*** Opening Exercise data ***

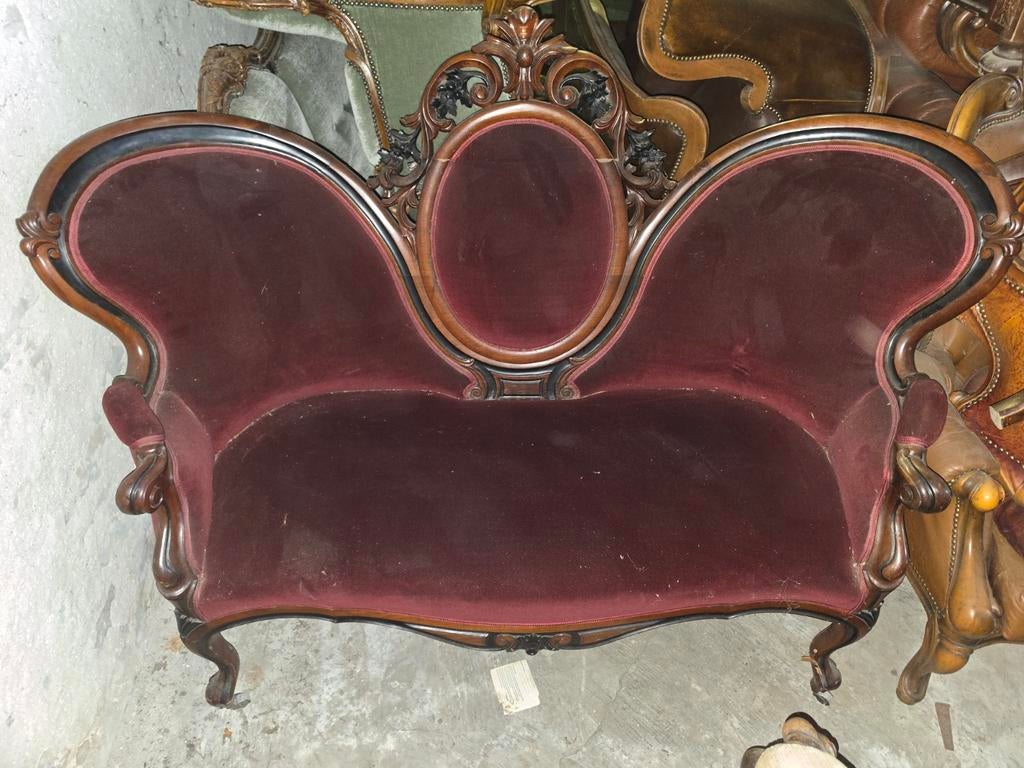 Antieke bank biedermeier, Ophalen of Verzenden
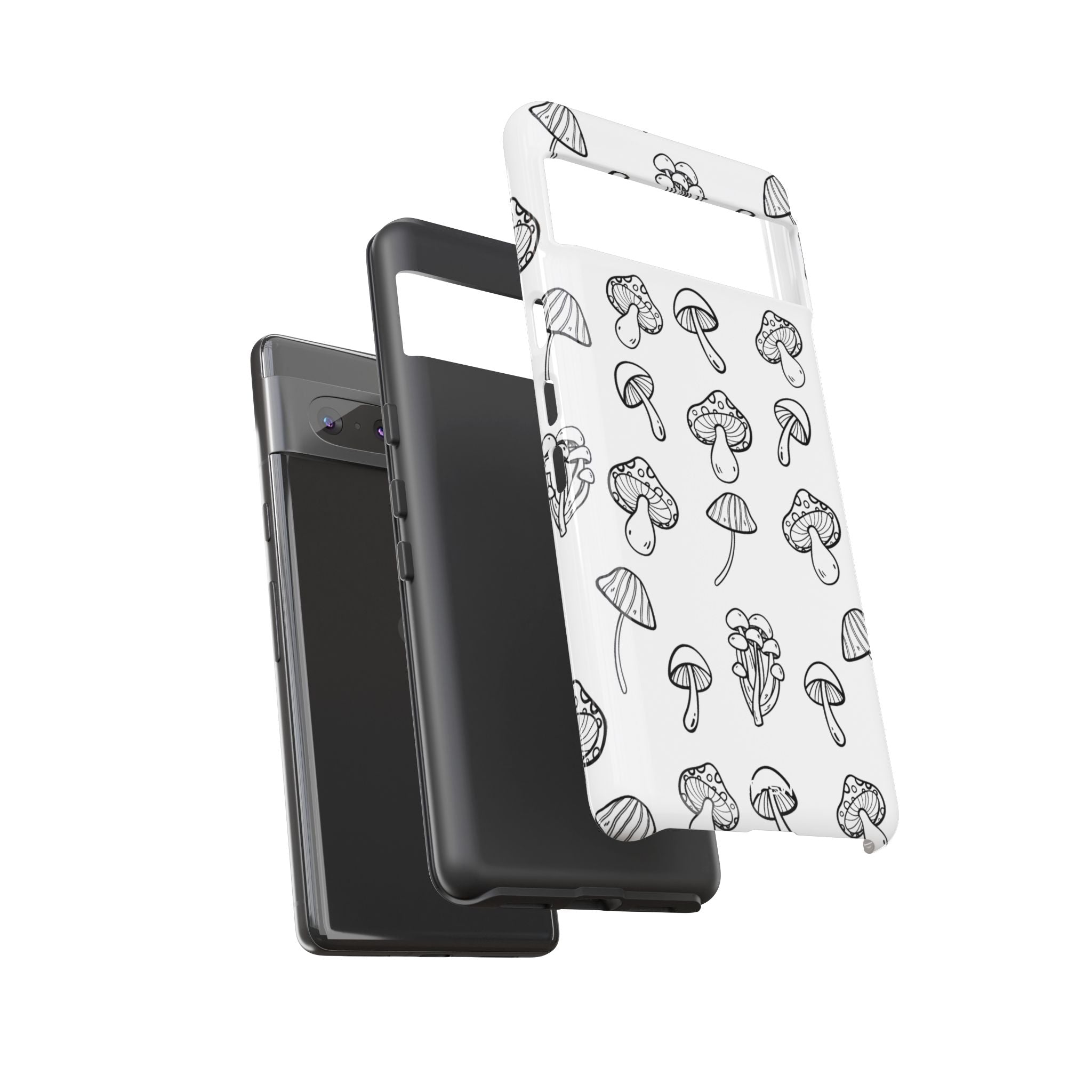 Mushroom Line Play - Google Pixel Case
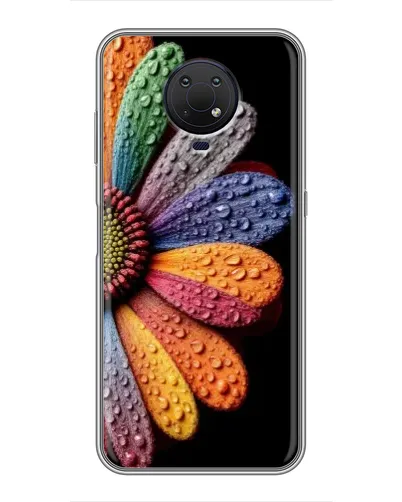 Чехол для Nokia G10 с картинкой «Радужный цветок»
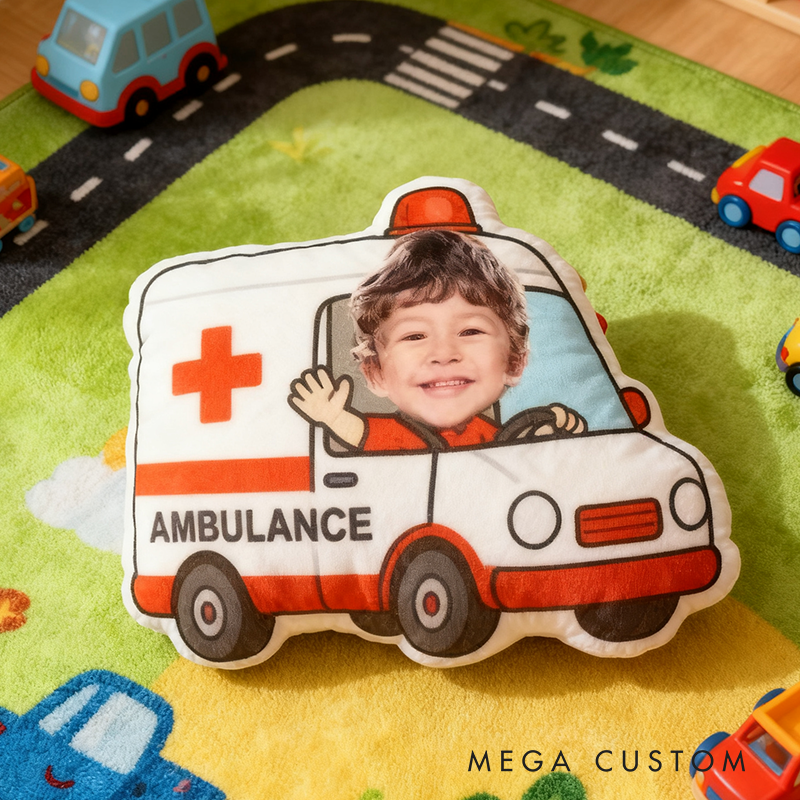 Personalized Ambulance Pillow with Custom Face Design 3D Print Pillow Gift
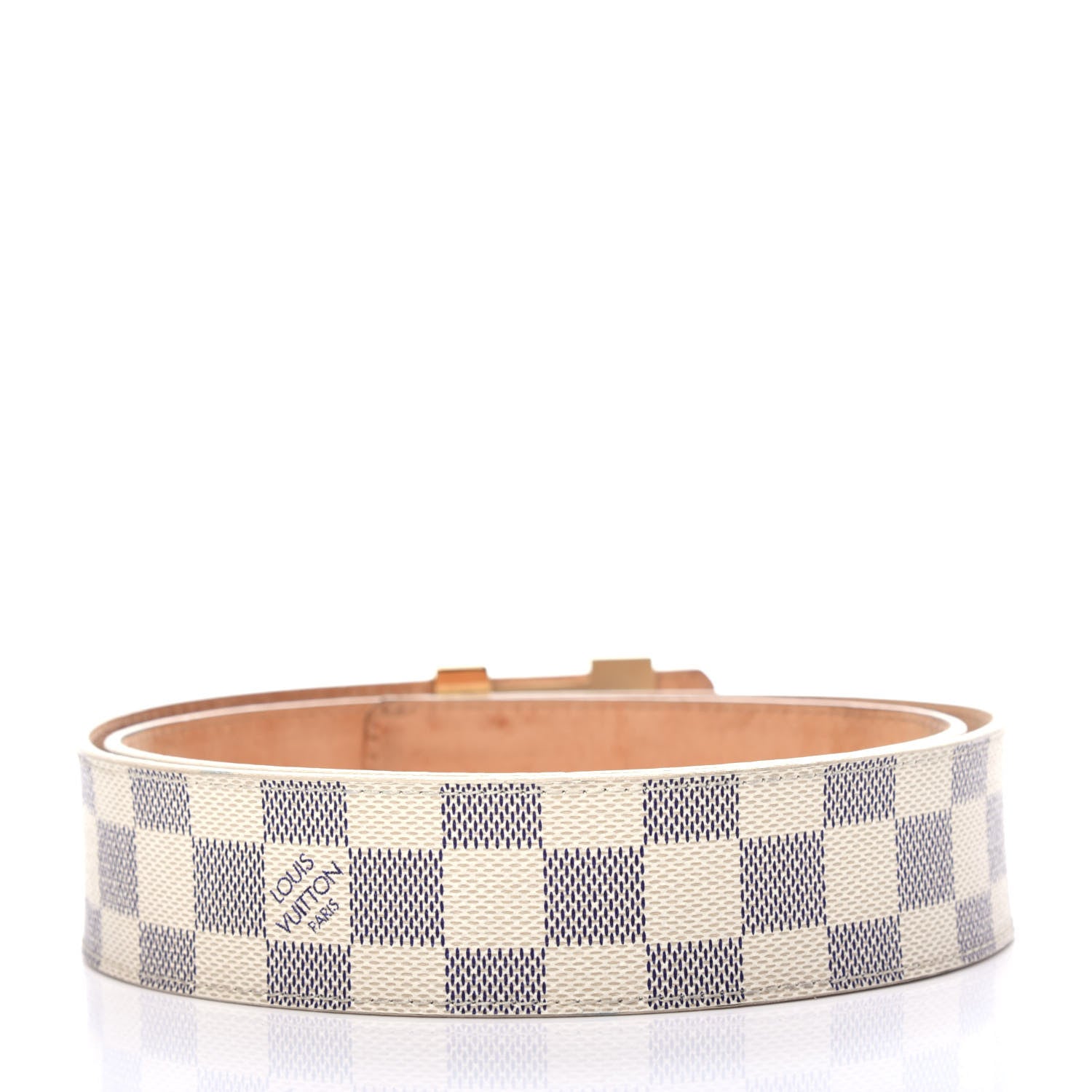 Louis Vuitton Damier Azur 40mm LV Initiales Belt 85 34 2 of 7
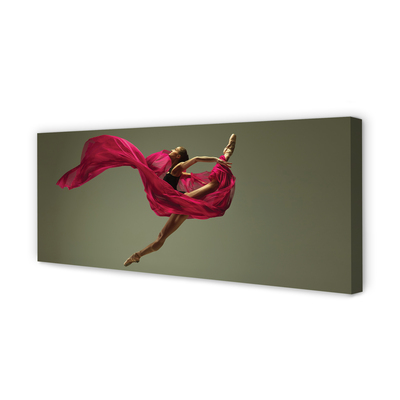 Slika na platnu Ženska roza mrežnega materiala
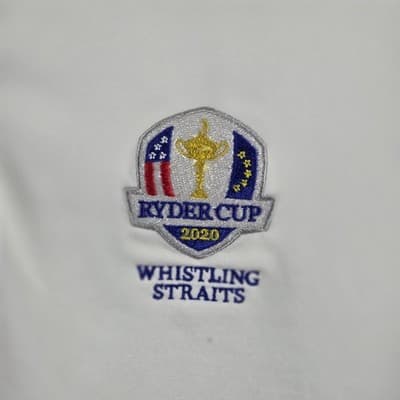 RLX Ralph Lauren Men's Medium White 2020 Ryder's Cup S/S Golf Polo Shirt - Thumbnail 2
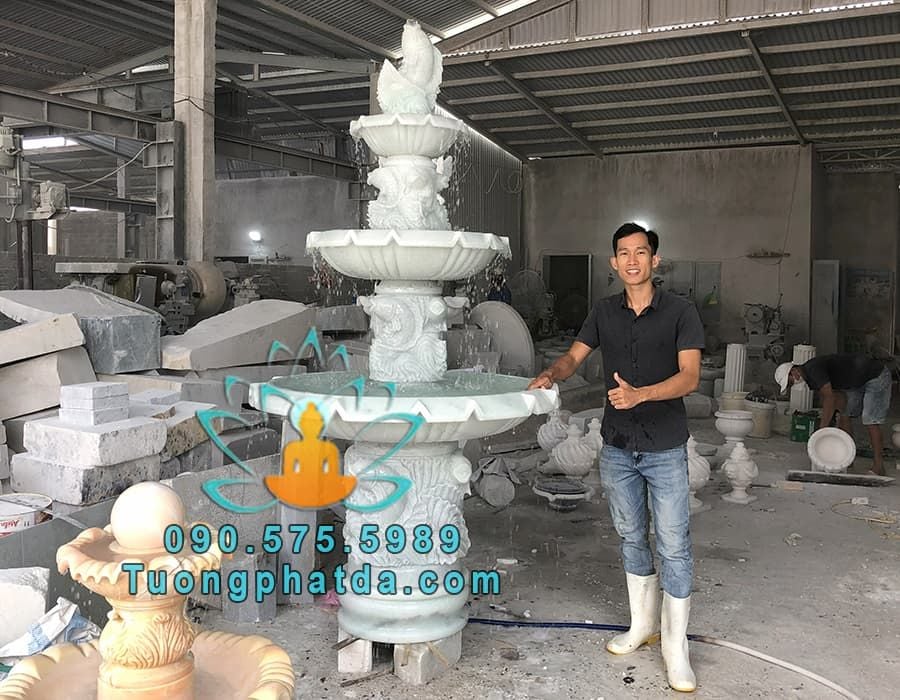 Cung Cấp Đài Phun Nước Cá Chép Đá Phong Thủy Đẹp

*** Closing Exercise data ***

Skip the pictures and retype exactly the lines from the one that contains "RLX Ralph Lauren" to the last line of the records.

### Response to this exercise
 RLX Ralph Lauren Men's Medium White 2020 Ryder's Cup S/S Golf Polo Shirt - Thumbnail 2
 Cung Cấp Đài Phun Nước Cá Chép Đá Phong Thủy Đẹp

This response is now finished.